The idea behind DIF analysis is that responses to the items of a questionnaire reflect the underlying dimension (or latent trait) that the questionnaire intends to measure, and that two versions of a questionnaire are equivalent when the corresponding items demonstrate the same item-trait relationships. There are various approaches to DIF analysis including non-parametric (Mantel–Haenszel/standardization) [
16,
17] and parametric approaches (ordinal logistic regression, item response theory, and structural equation modeling) [
18‐
20]. In the present paper, we demonstrate the use of DIF analysis within the item response theory (IRT) framework by assessing measurement equivalence across a Web-based and the original P&P versions of the Four-Dimensional Symptom Questionnaire (4DSQ).
Discussion
We examined measurement equivalence of the 4DSQ across the traditional P&P version and a modern Web-based version using DIF and DTF analysis. We identified DIF in five items from two scales. In terms of effect size, the DIF was small. The impact of DIF on the scale level (DTF) was negligible.

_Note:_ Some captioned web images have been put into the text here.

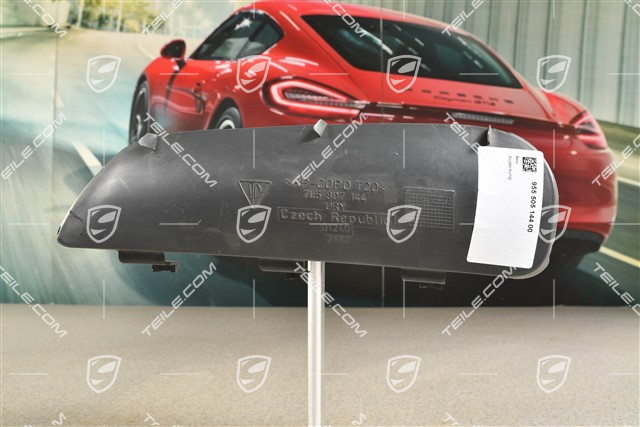 Cover for front bumper grille, 3,2L, R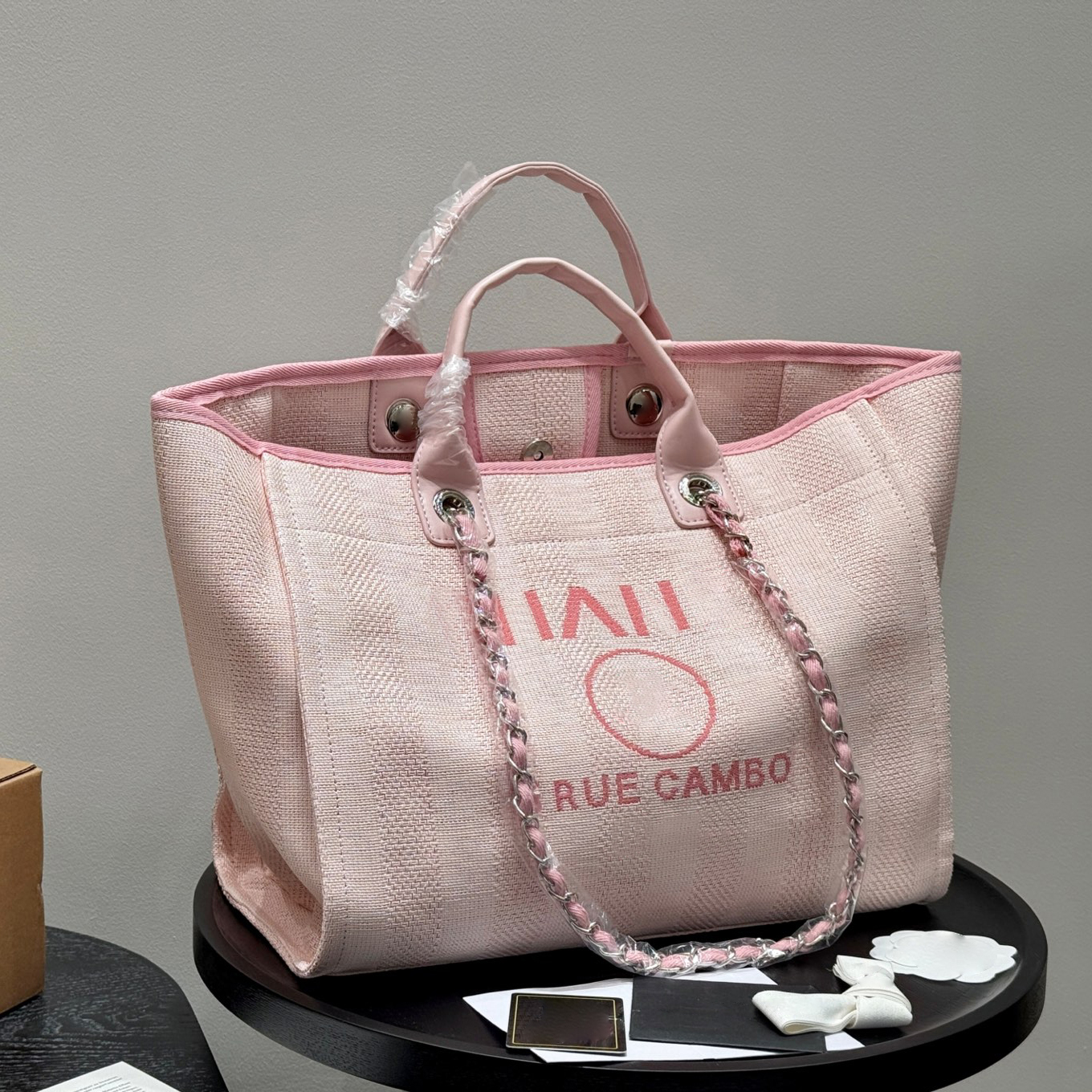 Designer Beach Bag Ladies Luxury Tote Large Capacity Shoulder Bag 7A New Tide Gradient Tote Designer Weekend Bag Shopping Bag Travel Crossbody Canvas Tote Bag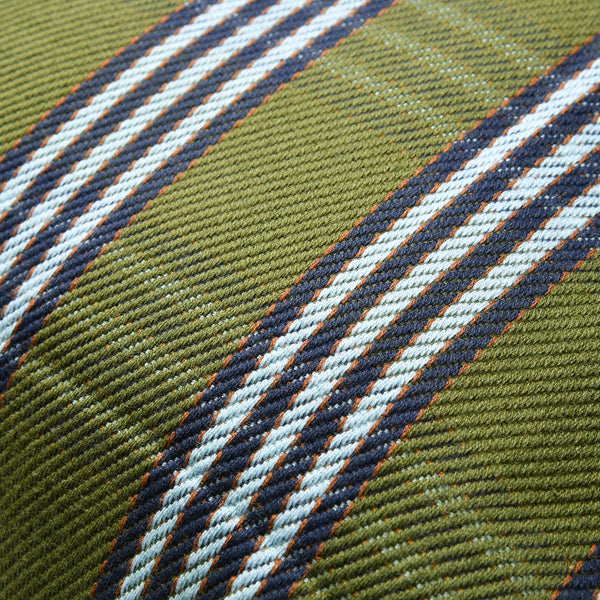 ウィーブチェック  クッションカバー 45×45 グリーン（B-122）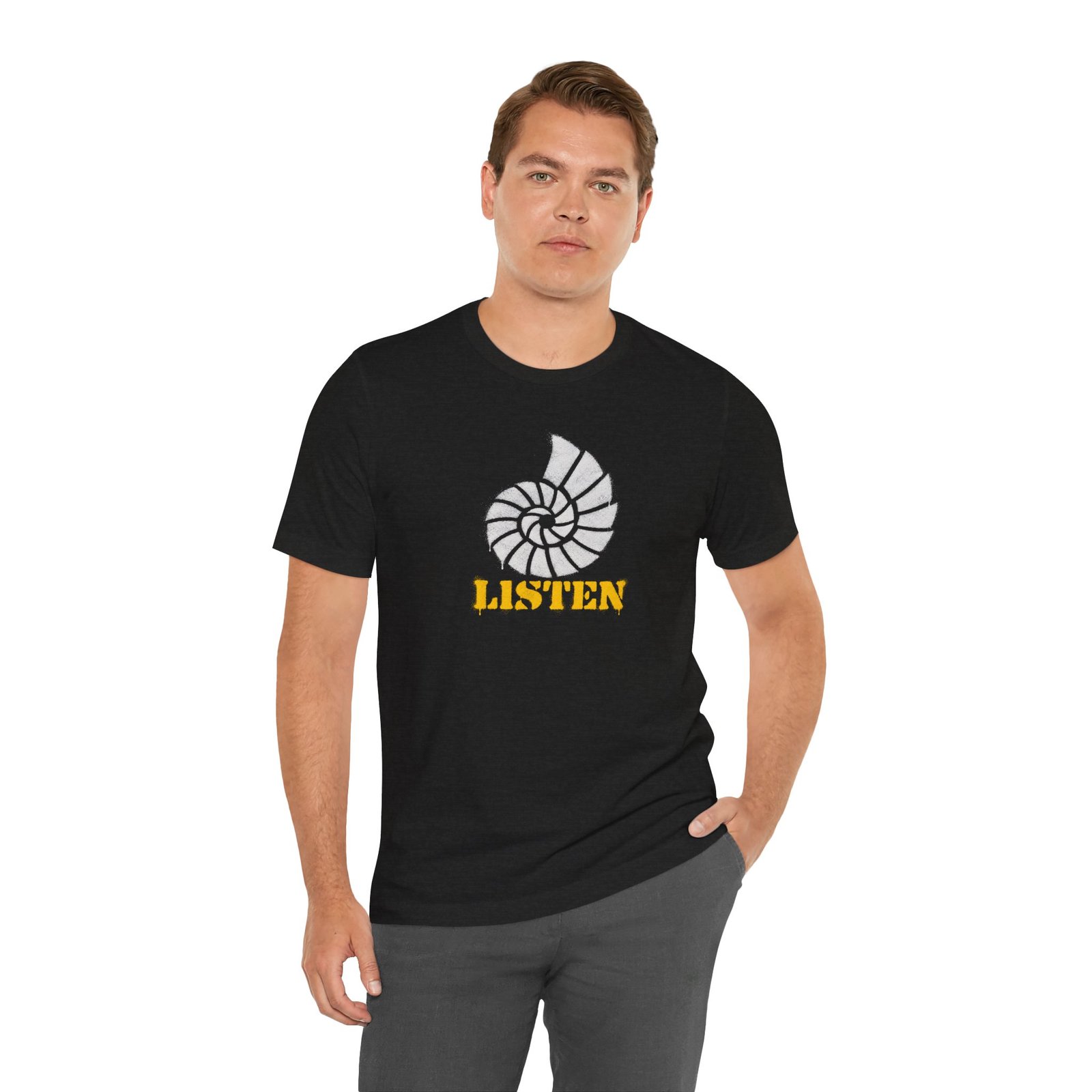 Listen Shell - The Road Drummer Bucket T-Shirt - Image 27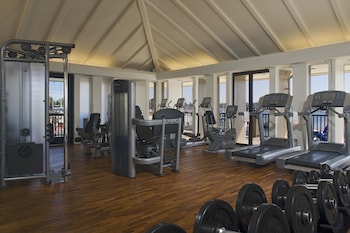 Fitness center at Hyatt Regency Mission Bay Spa and Marina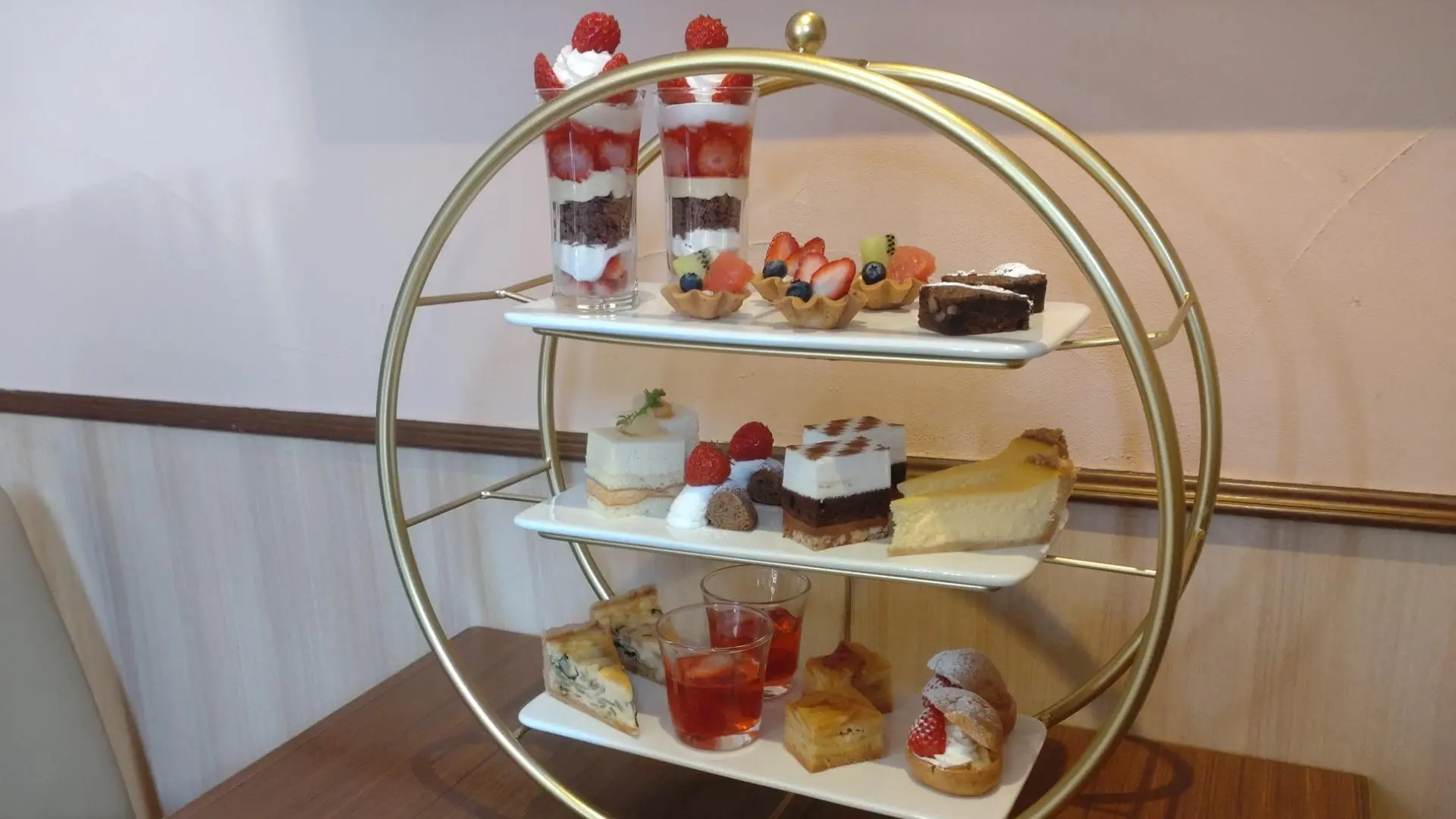 hanachiroru撮影｜名古屋市西区の美しい憧れアフタヌーンティー（2024）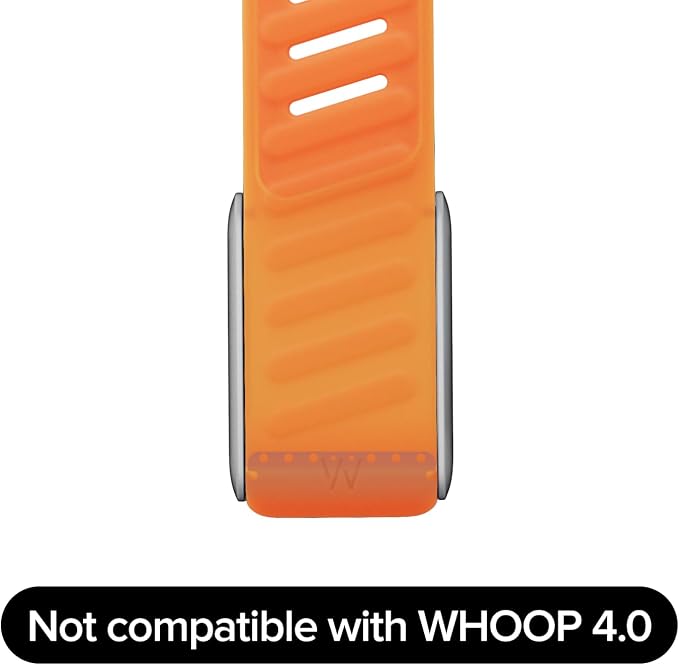 WHOOP 5.0/MG SportFlex – Waterproof, Sweatproof, Silicone Accessory for Health, Fitness, & Wellness Wearable – Not Compatible with Gen 4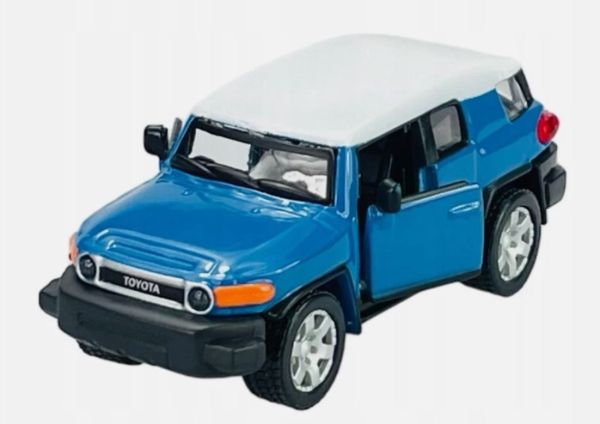 MST25001-06161 - TOYOTA FJ Cruiser 2007 Azul - 1
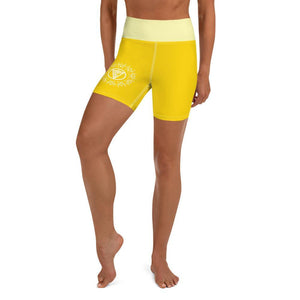 Shorts Manipura "Solar Plexus" Chakra Yoga Shorts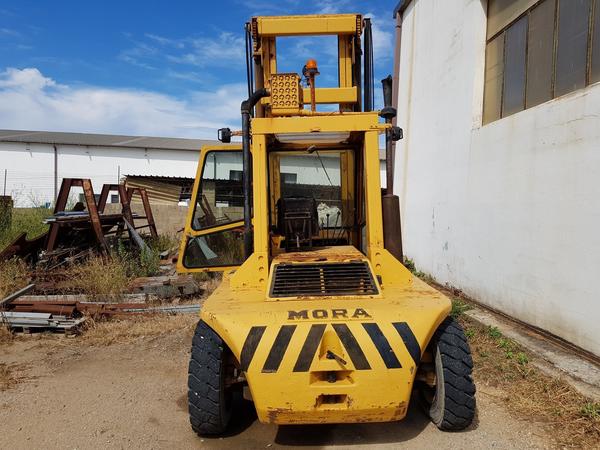 24#4551 Carrello elevatore Mora in vendita - foto 4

We employed a rigorous method to assess the dimensionality of the 4DSQ scales, using Yen’s Q3 [
40]. In combination with Christensen’s method to determine critical Q3-values [
42], the method turned out to be more sensitive to multidimensionality than more traditional fit statistics like the RMSEA. Our results indicate that the 4DSQ scales are essentially unidimensional, i.e., unidimensional enough to be treated as unidimensional in the context of IRT. Interestingly, the 4DSQ scales appeared to be slightly more unidimensional in the Web group than in the P&P group as evidenced by the slightly greater variance explained by the general factors (Online Resource 2). Apparently, the Web-based 4DSQ performs somewhat better, but certainly not worse, than the original P&P version.
DIF analysis is often concerned with inherently different groups (e.g., gender), in which case randomization is not feasible. In theory, DIF analysis is not hindered by group differences in trait levels because comparisons are matched at the trait level so that DIF only emerges when there is measurement bias rather than genuine trait differences. However, when groups differ in more respects than the trait level and the factor of interest (e.g., gender), the interpretation of the source of possible DIF may become problematic. In other words, when DIF is found, any aspect (other than trait level) in which the groups differ can potentially be the source of that DIF. Applied to the field of mode of administration equivalence research, no need for randomization may be an advantage of DIF analysis, but potential problems in the interpretation of DIF constitute a disadvantage. To avoid interpretation problems in this particular field, subjects can be randomly allocated to different mode of administration groups. But then data must specifically be collected for the evaluation of measurement equivalence, whereas data from different groups are often available ‘on the shelf,’ which is much cheaper.
In conclusion, using IRT-based DIF and DTF analysis to examine measurement equivalence across Web-based and P&P versions of the 4DSQ yielded few items with negligible DIF. Results obtained with the Web-based 4DSQ are equivalent to results obtained using the original P&P version of the questionnaire.